Et des activités, il y en a pour tous les goûts au MoMath. L’objectif est avant tout d’amener les visiteurs à créer une multitude d’objets pour faire vivre le musée. Sur des écrans, vous pourrez créer des formes géométriques originales et les customiser. Chaque jour, les visiteurs votent pour les figures qu’ils ont préférées et celle qui remporte un maximum de vote est imprimée en 3D puis exposée dans le musée. L’attraction principale du musée consiste à faire rouler des vélos dont les roues sont carrées. Et le système fonctionne grâce à une plateforme conçue spécialement pour que le carré puisse rouler. Une aire spéciale « énigme » se trouve à l’étage inférieur pour tous les amoureux du genre.

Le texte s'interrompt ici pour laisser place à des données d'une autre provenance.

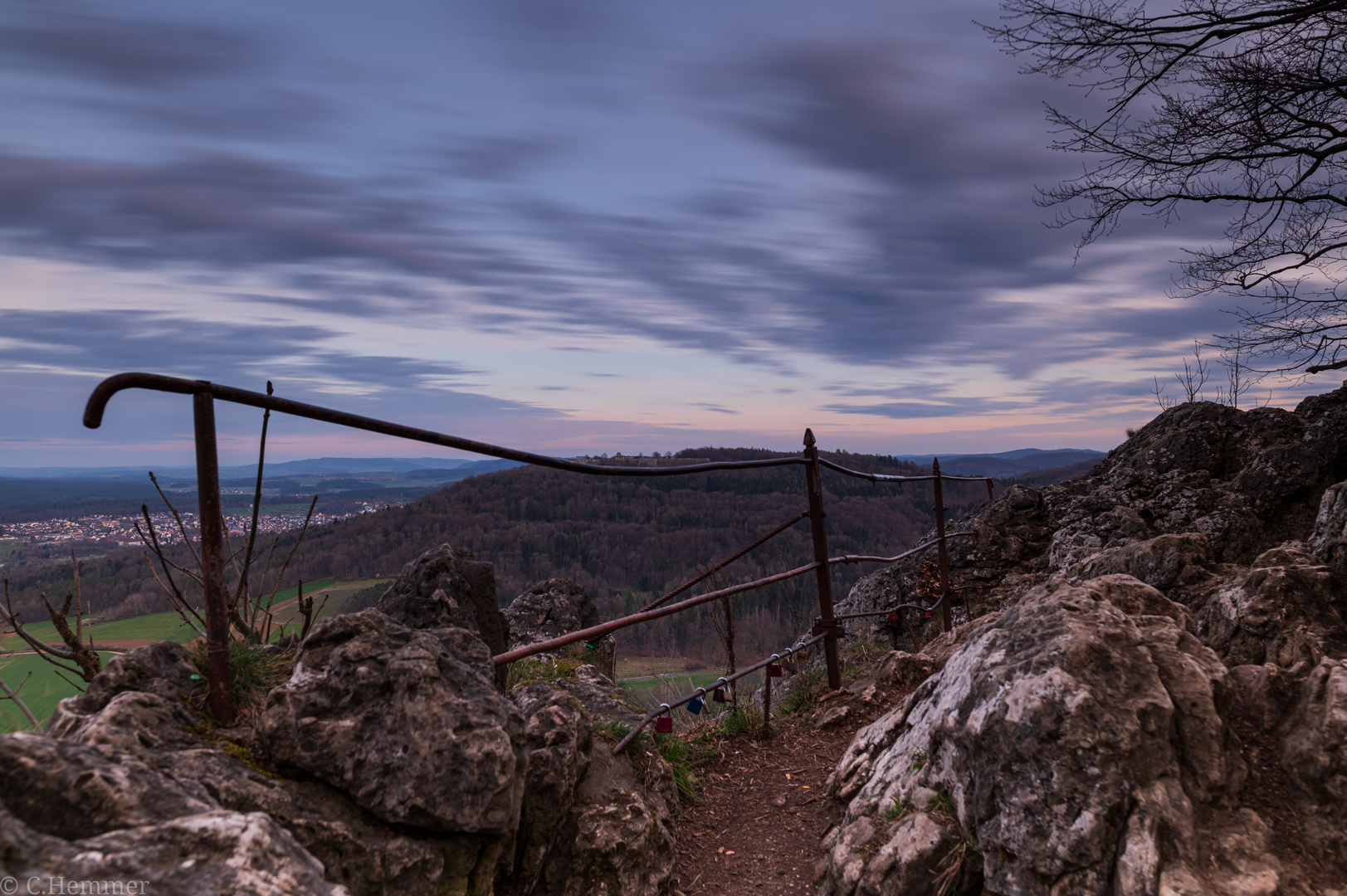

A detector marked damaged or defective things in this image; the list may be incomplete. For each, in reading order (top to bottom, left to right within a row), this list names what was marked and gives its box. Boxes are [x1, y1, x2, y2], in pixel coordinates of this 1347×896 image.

rusty iron railing [81, 375, 989, 723]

Les visiteurs sont conquis. « Je trouve que c’est un endroit très amusant et très intéressant, assure Justin Allen, un garçon de treize ans venu avec sa famille de Long Island. Les activités démontrent bien ce que sont les mathématiques et c’est même accessible pour les gens qui ne comprennent pas beaucoup car l’équipe du musée est là pour tout expliquer ».

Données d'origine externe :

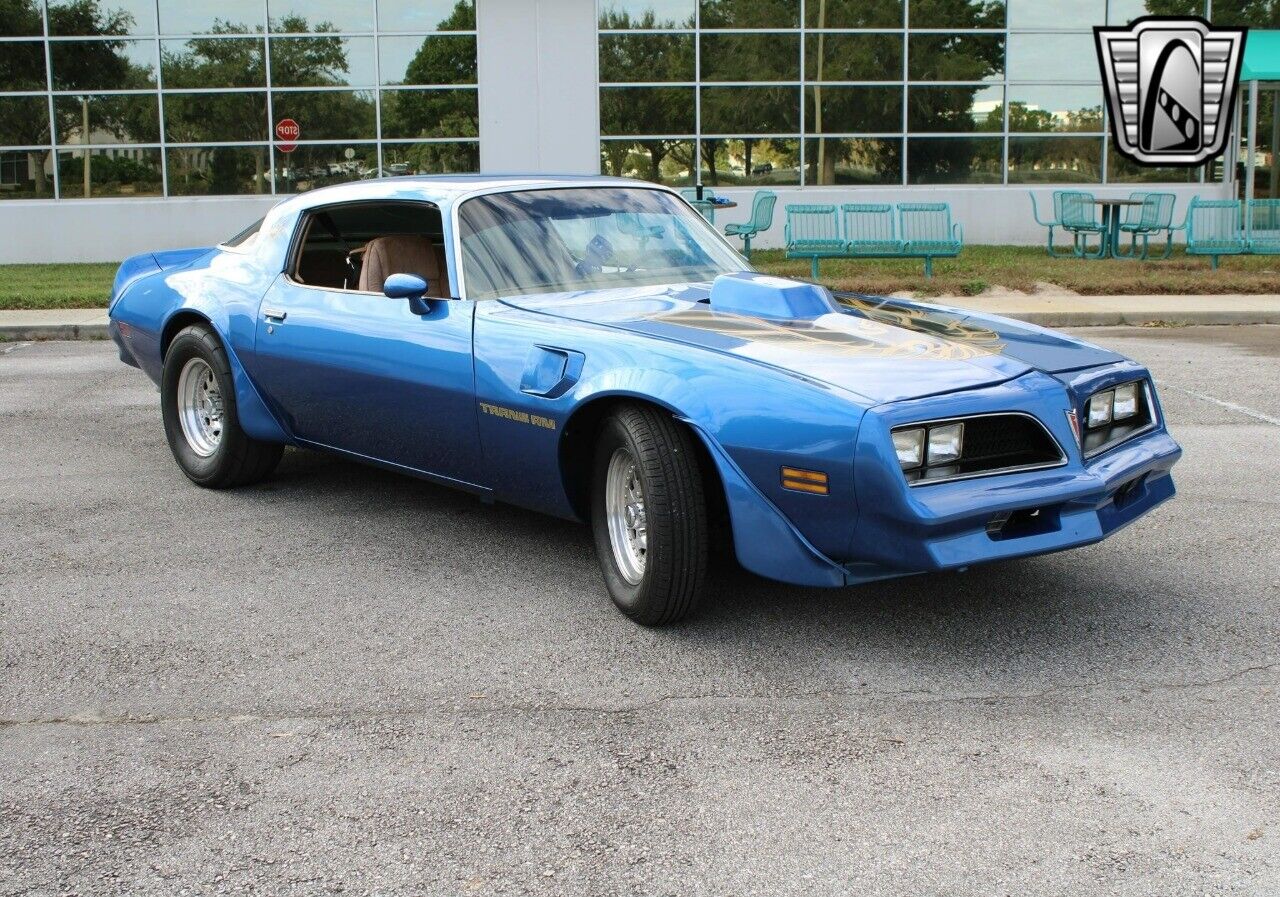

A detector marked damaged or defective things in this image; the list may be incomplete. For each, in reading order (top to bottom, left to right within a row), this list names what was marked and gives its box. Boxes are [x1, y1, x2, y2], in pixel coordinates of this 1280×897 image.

pavement crack [5, 660, 1274, 726]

Si le MoMath attire principalement des enfants et des classes, les adultes sont aussi séduits par les activités ludiques. « J’aime beaucoup le musée, confie Kay Diaz, une trentenaire new yorkaise. Il permet de s’exercer au mathématiques et de faire des expériences manuelles ».

A l’origine de ce musée, Glen Whitney, un mathématicien qui a une vision avant-gardiste des mathématiques. En 2008, il veut ouvrir un centre dédié aux maths à Long Island, « mais devant l’enthousiasme des gens, nous avons voulu faire quelque chose de plus grand au centre de New York », explique Cindy Lawrence.  Le musée a ouvert en décembre 2012 et attire de plus en plus de visiteurs, environ 100.000 par an. Vingt-trois millions de dollars ont été nécessaires pour mettre le projet sur pied. En plus des ouvrages des visiteurs, le musée expose des créations des mathématiciens qui ont pris part au projet. « Huit scientifiques venus du monde entier nous ont aidé à mettre sur pied les œuvres exposées, sans compter le travail de tous les bénévoles qui ont participé ».

Commentaires

  • http://patricehenin.blogspot.fr/ Patrice Henin

    Il y a de l’insolite dans les mathématiques comme de la beauté.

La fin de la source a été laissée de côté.